In the background, it is the story of a success punctuated by setbacks that emerges, which is told to us.

“I always try to go with storytelling, rather than a classic documentary approach,” says Thom Zimny.

“It’s a capture of reality, but told. I didn’t want to put Sly in a chair and stupidly film him while he reminisces about parts of his personal and professional life. I wanted to film him in motion, because, and this is one of the first things that struck me, Sly never stops. I quickly understood that it was up to me to keep the rhythm, because he always has an idea: he is doing a reality TV show. [The Family Stallone/La famille Stallone]he produces this, he writes that, and that makes him think about this, which leads him to remember that…”

Thom Zimny ​​therefore agreed to follow the subject in his universe, without asking him pre-established questions, but rather by bouncing off Stallone’s impromptu confidences and sudden reminiscences. It was, according to the documentary maker, richer, more alive and more real that way.

“When I collaborate with such a famous, well-known person, I try to both keep my feet on the ground and maintain a total open-mindedness. By that I mean, in the case of Sly, that what I knew about him initially came down to my impressions linked to his successive films, linked to my memories of all those video cassettes rented in the 1980s. C ‘is very little; it only represents a tiny part.

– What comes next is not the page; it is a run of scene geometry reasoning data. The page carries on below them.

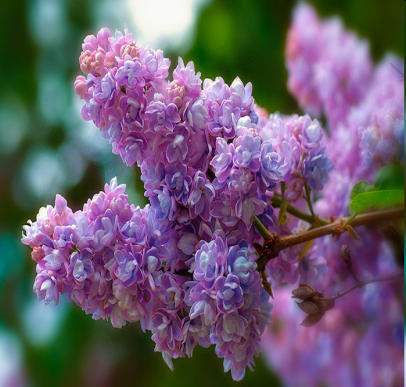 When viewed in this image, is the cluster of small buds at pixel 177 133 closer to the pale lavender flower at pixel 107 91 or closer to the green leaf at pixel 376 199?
the pale lavender flower at pixel 107 91

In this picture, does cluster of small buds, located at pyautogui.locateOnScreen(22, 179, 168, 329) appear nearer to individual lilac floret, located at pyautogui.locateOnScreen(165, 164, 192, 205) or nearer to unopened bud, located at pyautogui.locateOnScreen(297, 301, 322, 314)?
individual lilac floret, located at pyautogui.locateOnScreen(165, 164, 192, 205)

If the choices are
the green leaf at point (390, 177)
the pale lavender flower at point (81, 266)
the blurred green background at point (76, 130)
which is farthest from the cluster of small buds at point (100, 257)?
the green leaf at point (390, 177)

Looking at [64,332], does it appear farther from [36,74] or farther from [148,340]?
[36,74]

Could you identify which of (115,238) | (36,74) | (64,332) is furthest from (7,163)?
(115,238)

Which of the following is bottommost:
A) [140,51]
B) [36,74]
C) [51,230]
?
[51,230]

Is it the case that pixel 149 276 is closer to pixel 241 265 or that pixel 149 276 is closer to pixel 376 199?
pixel 241 265

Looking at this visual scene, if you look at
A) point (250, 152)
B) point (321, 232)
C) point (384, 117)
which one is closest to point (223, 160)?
point (250, 152) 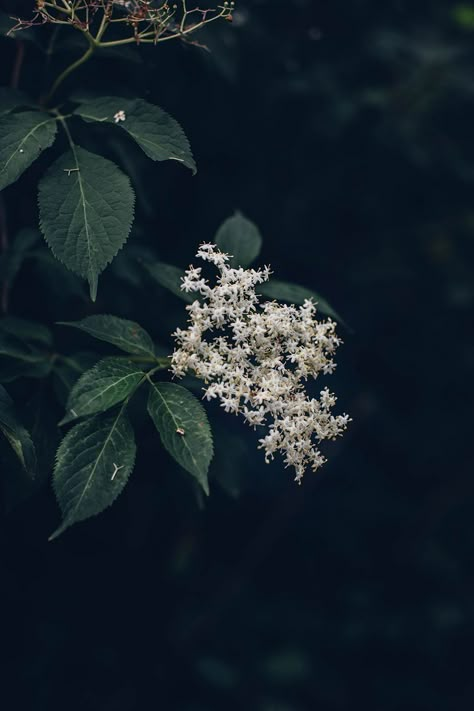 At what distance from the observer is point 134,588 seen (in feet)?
12.5

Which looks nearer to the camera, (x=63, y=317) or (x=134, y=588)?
(x=63, y=317)

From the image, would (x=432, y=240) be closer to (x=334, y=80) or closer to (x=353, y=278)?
(x=353, y=278)

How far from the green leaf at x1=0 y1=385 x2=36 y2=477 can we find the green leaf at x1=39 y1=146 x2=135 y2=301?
0.32 meters

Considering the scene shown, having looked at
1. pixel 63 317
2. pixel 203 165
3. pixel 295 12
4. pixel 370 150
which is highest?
pixel 295 12

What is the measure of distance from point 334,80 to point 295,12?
0.34m

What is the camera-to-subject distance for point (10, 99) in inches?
77.3

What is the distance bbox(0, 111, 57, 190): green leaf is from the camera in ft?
5.45

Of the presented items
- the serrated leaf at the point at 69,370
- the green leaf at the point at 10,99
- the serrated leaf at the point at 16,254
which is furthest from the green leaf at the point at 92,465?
the green leaf at the point at 10,99

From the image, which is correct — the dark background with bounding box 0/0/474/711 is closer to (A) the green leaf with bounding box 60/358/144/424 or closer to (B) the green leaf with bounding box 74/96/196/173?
(A) the green leaf with bounding box 60/358/144/424

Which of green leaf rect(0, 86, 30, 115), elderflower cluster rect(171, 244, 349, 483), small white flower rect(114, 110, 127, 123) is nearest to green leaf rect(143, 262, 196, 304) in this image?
elderflower cluster rect(171, 244, 349, 483)

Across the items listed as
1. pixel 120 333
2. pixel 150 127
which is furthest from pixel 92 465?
pixel 150 127

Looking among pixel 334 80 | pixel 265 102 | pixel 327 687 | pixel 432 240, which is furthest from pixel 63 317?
pixel 327 687

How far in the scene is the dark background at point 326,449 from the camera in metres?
2.79

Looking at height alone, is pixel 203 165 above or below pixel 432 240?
below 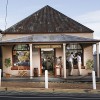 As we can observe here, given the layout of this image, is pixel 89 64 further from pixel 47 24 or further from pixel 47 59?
pixel 47 24

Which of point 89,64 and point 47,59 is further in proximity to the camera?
point 47,59

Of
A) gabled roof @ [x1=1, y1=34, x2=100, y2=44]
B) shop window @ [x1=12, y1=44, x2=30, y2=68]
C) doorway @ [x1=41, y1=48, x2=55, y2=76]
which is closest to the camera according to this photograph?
gabled roof @ [x1=1, y1=34, x2=100, y2=44]

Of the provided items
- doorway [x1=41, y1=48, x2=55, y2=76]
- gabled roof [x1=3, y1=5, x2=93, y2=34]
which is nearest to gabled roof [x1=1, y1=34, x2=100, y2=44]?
gabled roof [x1=3, y1=5, x2=93, y2=34]

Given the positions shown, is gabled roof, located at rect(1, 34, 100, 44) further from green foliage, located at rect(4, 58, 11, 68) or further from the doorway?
green foliage, located at rect(4, 58, 11, 68)

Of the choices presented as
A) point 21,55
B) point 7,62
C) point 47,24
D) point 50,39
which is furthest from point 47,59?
point 7,62

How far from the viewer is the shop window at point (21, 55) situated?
31.4m

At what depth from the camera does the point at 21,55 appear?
3145 centimetres

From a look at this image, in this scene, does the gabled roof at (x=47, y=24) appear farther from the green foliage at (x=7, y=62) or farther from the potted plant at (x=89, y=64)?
the potted plant at (x=89, y=64)

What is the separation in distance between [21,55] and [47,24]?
344 cm

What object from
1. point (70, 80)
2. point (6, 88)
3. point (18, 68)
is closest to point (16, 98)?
point (6, 88)

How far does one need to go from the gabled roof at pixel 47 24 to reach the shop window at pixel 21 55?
132cm

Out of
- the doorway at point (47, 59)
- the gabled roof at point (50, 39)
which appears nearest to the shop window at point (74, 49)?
the gabled roof at point (50, 39)

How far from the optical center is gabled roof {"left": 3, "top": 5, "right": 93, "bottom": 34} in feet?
102

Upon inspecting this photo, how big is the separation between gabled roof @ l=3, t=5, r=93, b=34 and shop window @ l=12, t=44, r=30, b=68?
132cm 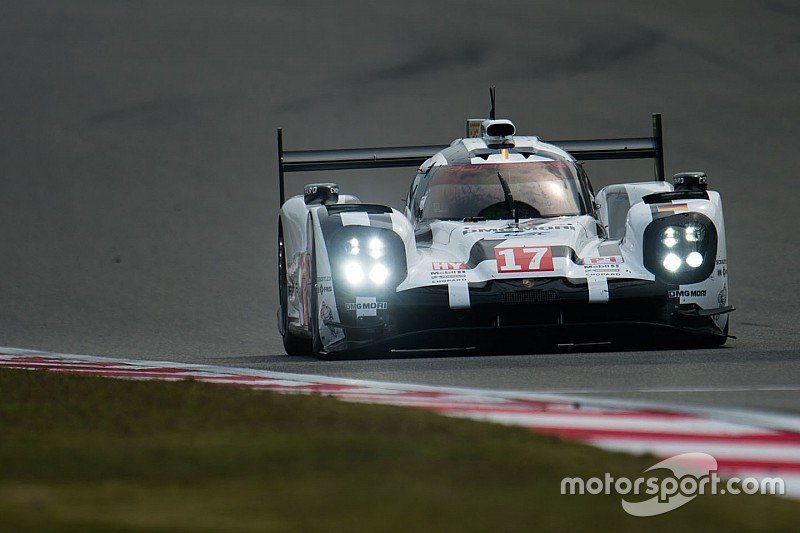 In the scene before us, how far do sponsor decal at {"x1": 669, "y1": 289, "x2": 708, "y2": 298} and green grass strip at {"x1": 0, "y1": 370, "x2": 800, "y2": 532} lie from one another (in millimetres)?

The key is to listen to the person. Sly, I had no idea, but not at all, how intense his childhood was; to what extent we detect traces of it in his films, in Rocky. I wasn’t prepared for this. And that was a good thing in this case. »

Pausing, Thom Zimny ​​concludes: “What Sly gave me was honest dialogue, because it came from the heart. »

The documentary Sly will be released on Netflix on November 3.